SOURCE DATA:

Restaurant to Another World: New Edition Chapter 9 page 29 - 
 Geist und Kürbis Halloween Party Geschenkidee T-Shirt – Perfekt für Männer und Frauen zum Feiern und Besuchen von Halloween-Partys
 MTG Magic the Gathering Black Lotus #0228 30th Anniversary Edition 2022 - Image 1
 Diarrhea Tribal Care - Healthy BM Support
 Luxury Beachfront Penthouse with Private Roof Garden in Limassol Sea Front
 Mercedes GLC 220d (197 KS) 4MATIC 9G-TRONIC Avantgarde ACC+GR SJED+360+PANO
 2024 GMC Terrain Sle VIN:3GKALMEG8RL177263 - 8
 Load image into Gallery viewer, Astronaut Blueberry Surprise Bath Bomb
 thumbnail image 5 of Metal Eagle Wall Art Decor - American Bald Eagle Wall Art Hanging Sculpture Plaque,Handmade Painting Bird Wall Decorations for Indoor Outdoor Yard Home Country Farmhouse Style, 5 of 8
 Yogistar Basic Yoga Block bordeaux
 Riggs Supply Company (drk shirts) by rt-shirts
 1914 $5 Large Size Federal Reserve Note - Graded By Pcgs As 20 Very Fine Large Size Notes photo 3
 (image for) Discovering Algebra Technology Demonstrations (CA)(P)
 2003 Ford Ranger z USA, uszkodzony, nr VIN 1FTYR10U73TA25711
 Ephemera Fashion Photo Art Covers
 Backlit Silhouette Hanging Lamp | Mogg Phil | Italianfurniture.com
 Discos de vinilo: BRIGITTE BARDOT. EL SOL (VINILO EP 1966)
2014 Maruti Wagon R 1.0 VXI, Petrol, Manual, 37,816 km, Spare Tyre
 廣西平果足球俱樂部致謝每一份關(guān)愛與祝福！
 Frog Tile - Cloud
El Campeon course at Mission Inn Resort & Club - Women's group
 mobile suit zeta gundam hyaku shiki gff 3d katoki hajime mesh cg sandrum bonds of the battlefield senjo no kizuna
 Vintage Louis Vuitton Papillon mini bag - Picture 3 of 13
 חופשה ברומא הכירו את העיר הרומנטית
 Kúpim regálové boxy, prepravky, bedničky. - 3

EXERCISE PROMPT: Among the records, find every line with the word "Edition" and copy it.

PROBLEM SOLUTION:
Restaurant to Another World: New Edition Chapter 9 page 29 - 
 MTG Magic the Gathering Black Lotus #0228 30th Anniversary Edition 2022 - Image 1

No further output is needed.